I cambiamenti climatici
Si parla molto di cambiamenti climatici e non ci si accorge più del fatto che questa espressione è quasi una contraddizione in termini. Il clima è il complesso delle condizioni meteorologiche che caratterizzano una certa zona geografica e come tale ci aspettiamo che sia immutabile nel tempo. In realtà nelle passate ere geologiche c’è stata un’alternanza di glaciazioni e periodi temperati, ma queste transizioni sono avvenute su lunghe scale temporali. I temuti cambiamenti odierni hanno la peculiarità di potersi verificare in tempi molto brevi. In questo caso il danno sarebbe causato non tanto dal cambiamento, che di per sé può avere non solo effetti negativi ma anche positivi, ma dalla velocità del cambiamento stesso che non concede alle piante, agli animali ed all’uomo il tempo per adattarsi.
Il meccanismo attraverso il quale questi rapidi cambiamenti possono avvenire è quello dell’alterazione dell’equilibrio (bilancio radiativo) che esiste fra l’energia solare che il nostro pianeta assorbe e l’energia termica che il nostro pianeta emette verso lo spazio. Lo sbilanciamento fra queste due componenti può causare il riscaldamento della superficie terrestre, il cambiamento della quantità di vapore acqueo contenuta nell’aria, l’alterazione dei fenomeni meteorologici, lo scioglimento dei ghiacci e l’innalzamento del livello del mare.

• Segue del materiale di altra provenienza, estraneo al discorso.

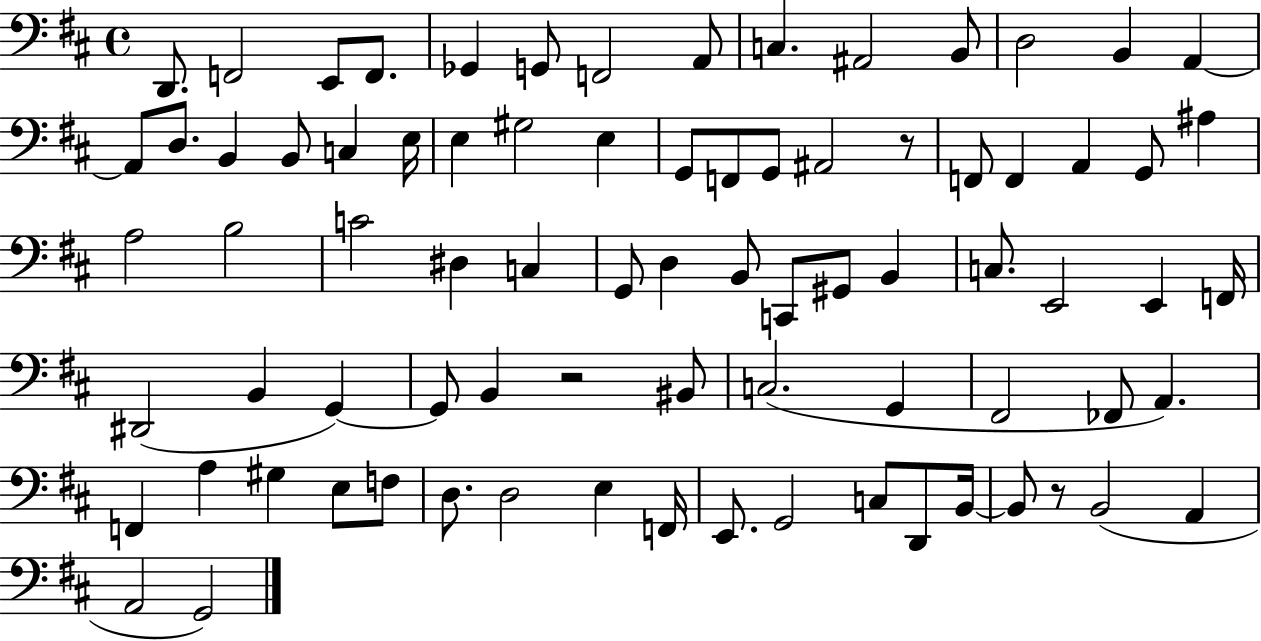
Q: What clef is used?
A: bass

L’attività umana, attraverso la modifica del territorio e l’immissione nell’atmosfera di gas serra che assorbono la radiazione termica, sta cambiando le proprietà ottiche che controllano il bilancio radiativo del pianeta. Il problema scientifico che si pone è se questi cambiamenti antropici siano tali da introdurre una significativa perturbazione al bilancio radiativo naturale.
I dati scientifici
Una valutazione esauriente ed aggiornata sull’entità dei cambiamenti climatici è fornita dall’Intergovernmental Panel on Climate Change (IPCC). L’IPCC è una commissione scientifica nominata congiuntamente nel 1988 dalla World Meteorological Organisation (WMO) e dall’United Nations Environmental Programme (UNEP). La commissione comprende alcune centinaia di ricercatori internazionali scelti fra i più attivi nel campo degli studi climatici e produce periodicamente rapporti sullo stato di conoscenza raggiunto dalla comunità scientifica.

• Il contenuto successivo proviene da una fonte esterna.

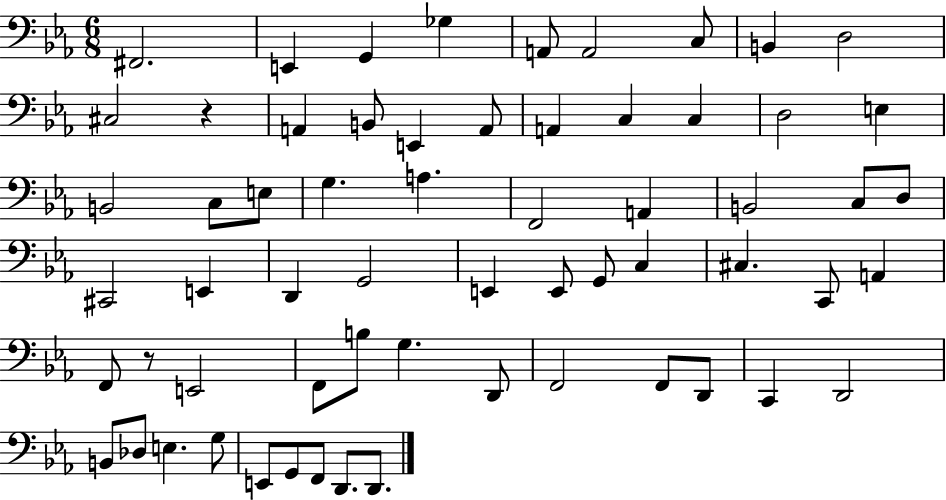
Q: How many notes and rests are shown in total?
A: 62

Le domande a cui questi rapporti cercano di rispondere sono quella dell’esistenza del problema (se cambiamenti climatici sono effettivamente in corso) e quella dell’attribuzione (se la causa è antropica piuttosto che naturale). Senza entrare nei dettagli della grande quantità d’informazione contenuta in questi rapporti è interessante analizzare le risposte che vengono date a queste due domande fondamentali.
Nel secondo rapporto [1] si dichiarava che «le variazioni meteorologiche annuali nelle singole località possono essere grandi, ma le analisi su grandi aree e su lunghi periodi di tempo forniscono la prova di alcuni importanti cambiamenti sistematici» e che «in media le prove suggeriscono una discernibile influenza umana sul clima globale».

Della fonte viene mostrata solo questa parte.